Justru karena menyadari keterbatasan-keterbatasannya, sejak awal seorang profesional akan membiasakan diri berbagi peran dengan orang lain, kerja tim. Makin rumit problem yang dihadapi, pencarian solusinya makin butuh kolaborasi yang bersifat multidisipliner.
***
Saya berharap tak ada lagi ayah dan ibu yang memaksa anaknya memilih profesi tertentu dengan membungkam aspirasi anak itu sendiri. Percayalah, itu bakal kontraproduktif. Semua proses mencapai puncak prestasi profesional membutuhkan ketekunan dan kegigihan. Proses ini jalan yang sangat terjal dan anak mustahil tahan menapakinya kecuali ia merasa antusias terhadap profesinya itu.

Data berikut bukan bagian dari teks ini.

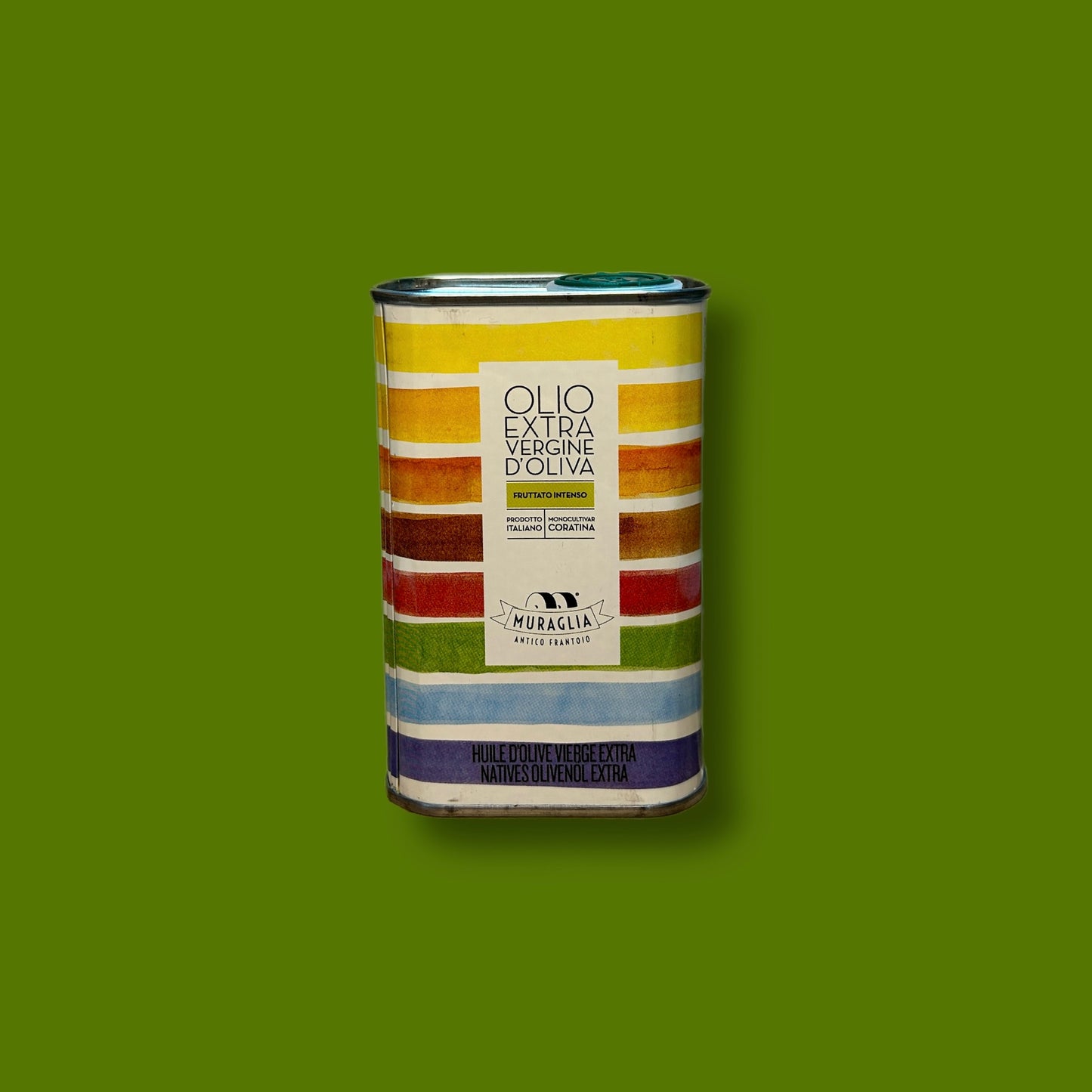 Frantoio Muraglia - Coratina Extra Virgin Olive Oil Tin - 250 mL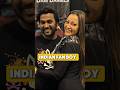 Dani Daniels Gives Indian Fanboy a Warm Hug#danidaniels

Kehidupan modern membuka peluang munculnya banyak sekali profesi baru. Saat ini anak bisa memilih menjadi spesialis dalam suatu bidang amat spesifik, yang tak terbayang di masa lampau. Maka, janganlah kita membatasi masa depan anak kita hanya karena imajinasi kita terikat pada profesi-profesi masa lampau.
=========
Tulisan ini disadur dari artikel “Our Sons” yang ditulis oleh Edward C. Robbins dan disunting oleh Charlotte Mason dalam The Parents’ Review Vol. 1 1890/1891.